Sin perder de vista la alta informalidad en los derechos de propiedad de tierras en el Putumayo, existe una distribución relativamente democrática de la tierra si se tienen en cuenta las unidades agrícolas familiares (UAF) establecidas por el Gobierno. En teoría, la uaf es la extensión de tierra adjudicada a una familia campesina por el Estado en proyectos de restitución de tierras y la titulación de baldíos. La extensión de las UAF se determina con base en la fertilidad del suelo y en los proyectos productivos y las tecnologías de cada finca en una zona específica. El modelo está diseñado para limitar la propiedad individual de las tierras e implementar un sistema de “distribución ordenada” y “racional utilización” de la tierra en el país (Ley 160 de 1994, art. 1). Las UAF en Putumayo oscilan entre las 10 y las 45 hectáreas en los suelos convencionalmente categorizados como de “alta fertilidad” de la subregión andina conocida como el Alto Putumayo; entre 35 y 45 hectáreas en las tierras “menos fértiles” del piedemonte andino-amazónico; entre 70 y 120 hectáreas en la planicie amazónica, considerada infértil y conocida como el Bajo Putumayo; y entre 212 y 286 hectáreas en la parte baja de Leguízamo, desde Puerto Ospina hasta la frontera con el departamento vecino del Amazonas (Centro Nacional de Memoria Histórica 2015, 48).

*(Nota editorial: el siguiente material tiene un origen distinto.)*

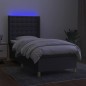 vidaXL Cama box spring colchón y luces LED tela gris oscuro 80x200 cm vidaXL Cama box spring colchón y luces LED tela gris oscuro 80x200 cm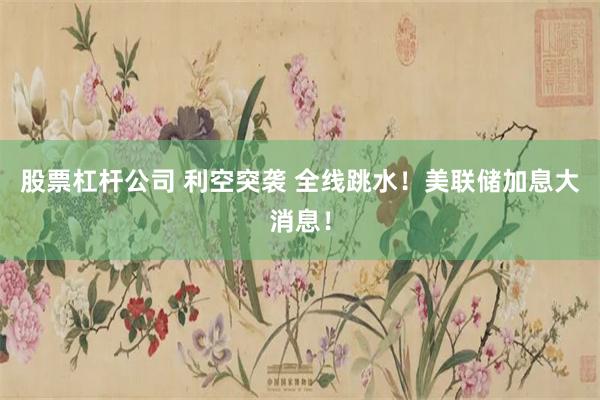 股票杠杆公司 利空突袭 全线跳水！美联储加息大消息！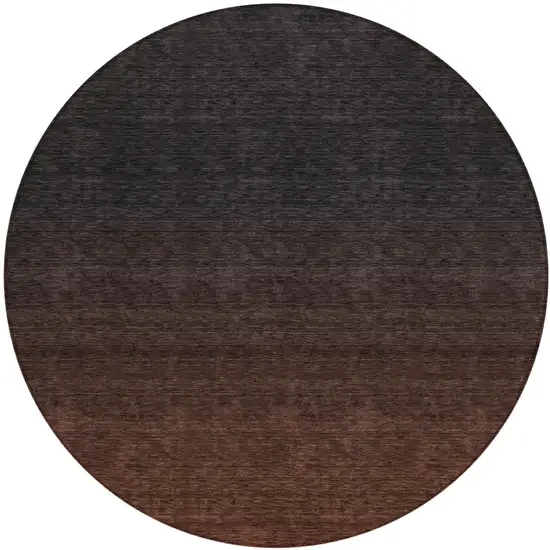 8' Orange And Charcoal Round Abstract Washable Indoor Outdoor Area Rug Photo 2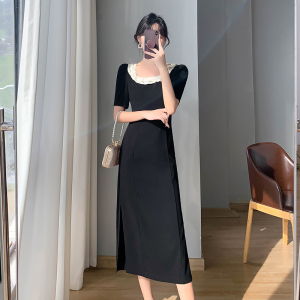 TR43909# 连衣裙黑色超修身方领套头夏季纯色 服装批发女装批发服饰货源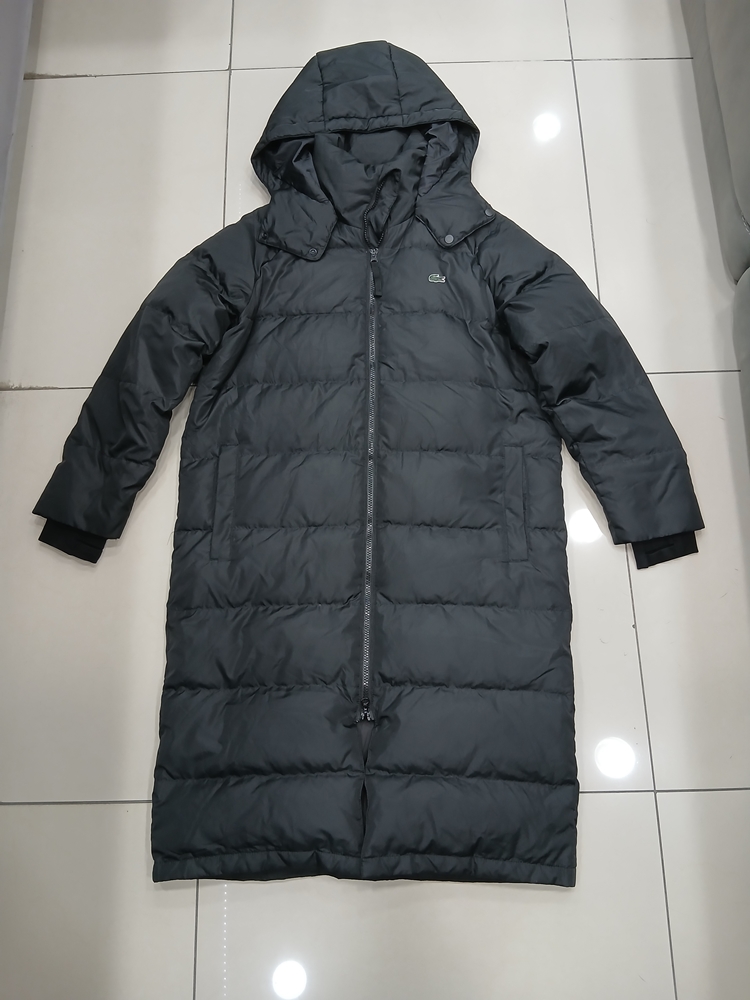 라코스테  XS 호칭보다큰편 검정색 경량롱패딩점퍼 가볍고 따뜻함 중고 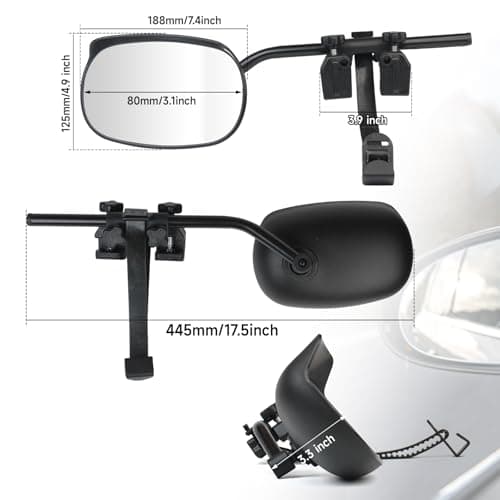 Universal Clip on Towing Mirror, 2026 New Extensions for Towing Side Mirror Extender with RainGuard Adjustable Convex Snap and Zap Tow Mirrors for Car Truck Trailer RV SUV Driver and Passenger Side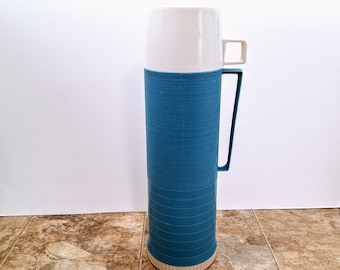Vintage Blue Thermos: 32 oz Glass Insulated Bottle with Cup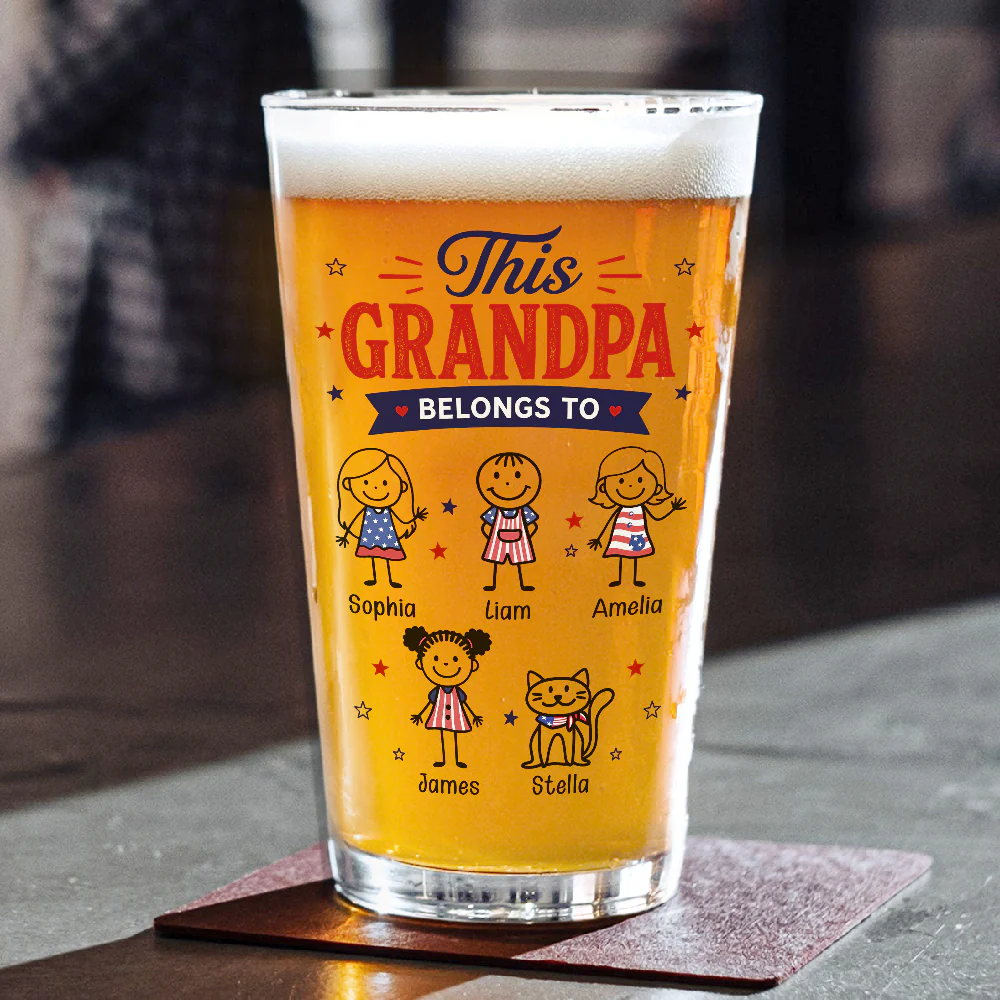 Personalized This Dad Belongs To Beer Glass - Father's Day Gift For Husband, Dad, Grandpa CH07 911396 - Image 2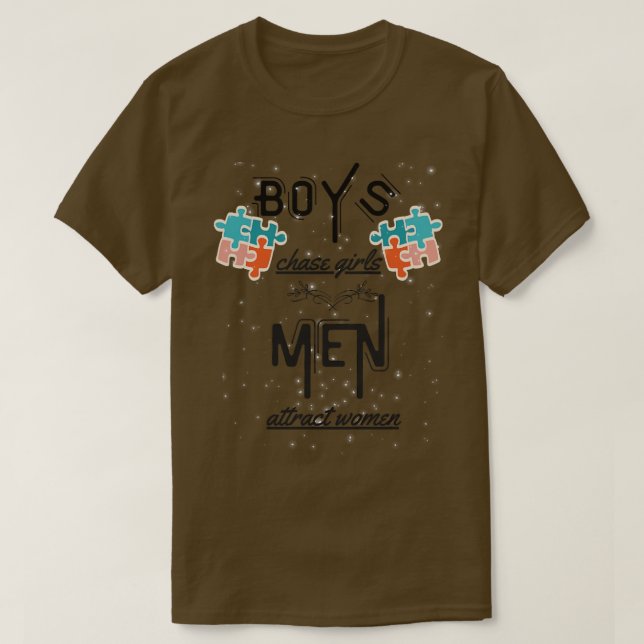Jungen jagen Mädchen Männer ziehen Frauen an T-Shirt (Design vorne)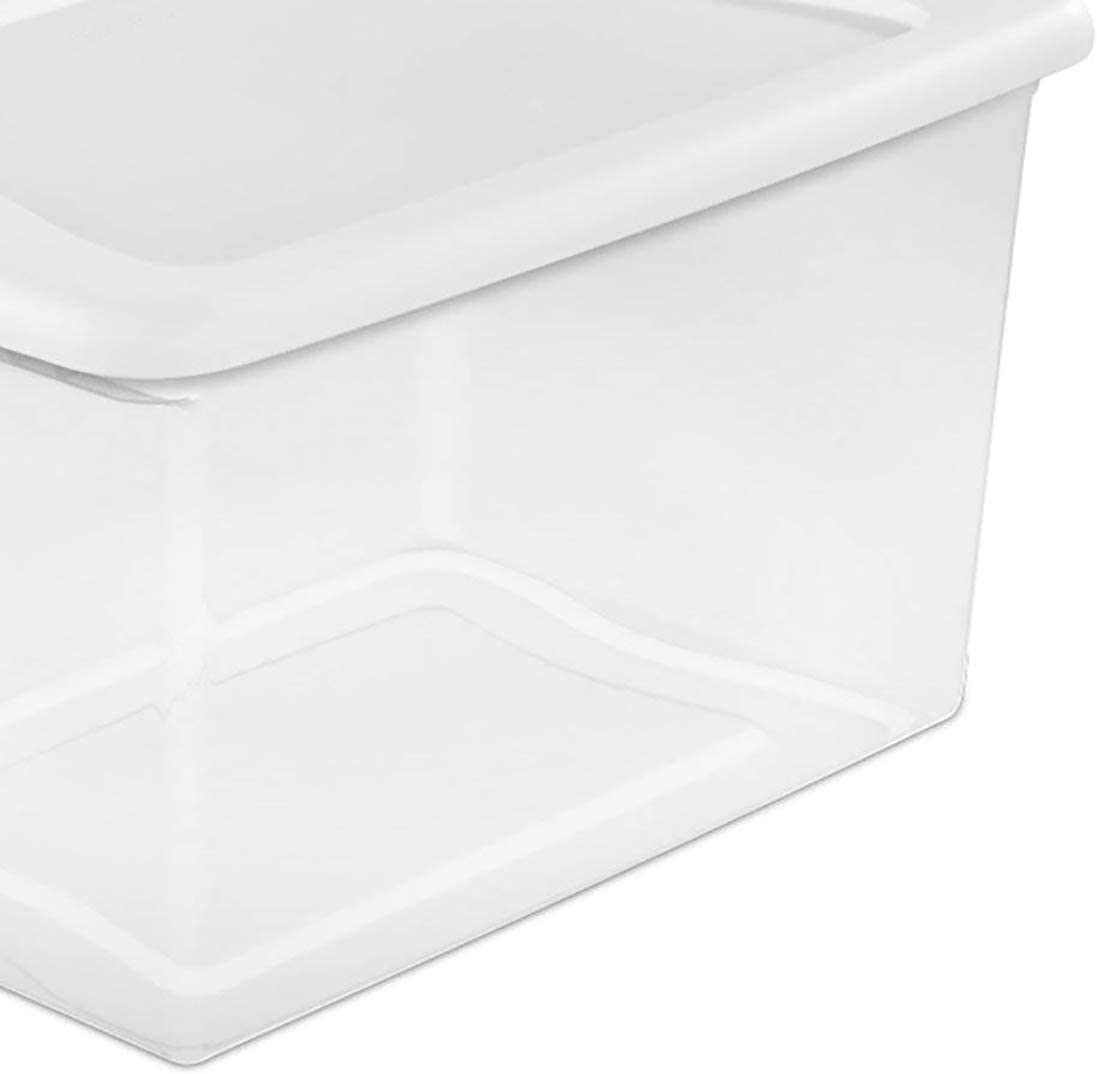 Sterilite Storage System Solution with 106 Quart Clear Stackable Storage Box Organization Containers with White Latching Lid, 12 Pack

Figura 1.5. Camino de herradura en el Putumayo

Foto de la autora

Violencia, extracción y estructuras de colonización

El Putumayo es uno de los seis departamentos y múltiples zonas de transición que constituyen la región conocida como la Amazonía colombiana, la cual abarca el 35 % del territorio nacional. Proveniente del quechua, ‘Putumayo’ significa, a grandes rasgos, “río que fluye hasta donde nace el sol”. Los conquistadores españoles invadieron el territorio por primera vez en 1538. Luego, vino la llegada de misioneros jesuitas y franciscanos a lo largo de los siglos XVI y XVII, enviados con la misión de consolidar la jurisdicción eclesiástica y formar un núcleo evangelizador alrededor de los diversos pueblos indígenas de los territorios. Estos misioneros eran forzados a entrar y salir periódicamente de los poblados coloniales, debido a los ataques continuos de grupos indígenas “rebeldes” del piedemonte amazónico, que vivían de manera dispersa, pero integrados económica y culturalmente en toda la selva y el piedemonte andino. Cada vez que pasaba en bus por Pueblo Viejo, el lugar original de la construcción colonial de la capital del Putumayo, oía historias de cómo los andakíes quemaron la ciudad cuatro veces entre los siglos XVI y XVIII. Se dice que los andakíes dirigieron alianzas con otros pueblos andino-amazónicos, como los tamas, sucumbíos, mocoas, inganos y sibundoyes para defender sus territorios —puertas de entrada a la extensa selva— de la Corona española. En 1784, los misioneros franciscanos escribieron sobre los “salvajes infieles”, los aucas o los indios no bautizados, liderados por poderosos chamanes que ingerían yagé y se transformaban en pumas que devoraban poblados enteros de cristianos (Ramírez 1996, 90-92). Uno alcanza a imaginarse las miradas temerosas y furtivas de los curas hacia las trochas apenas iluminadas por antorchas esperando desde sus ventanas el salto de algún puma vengativo.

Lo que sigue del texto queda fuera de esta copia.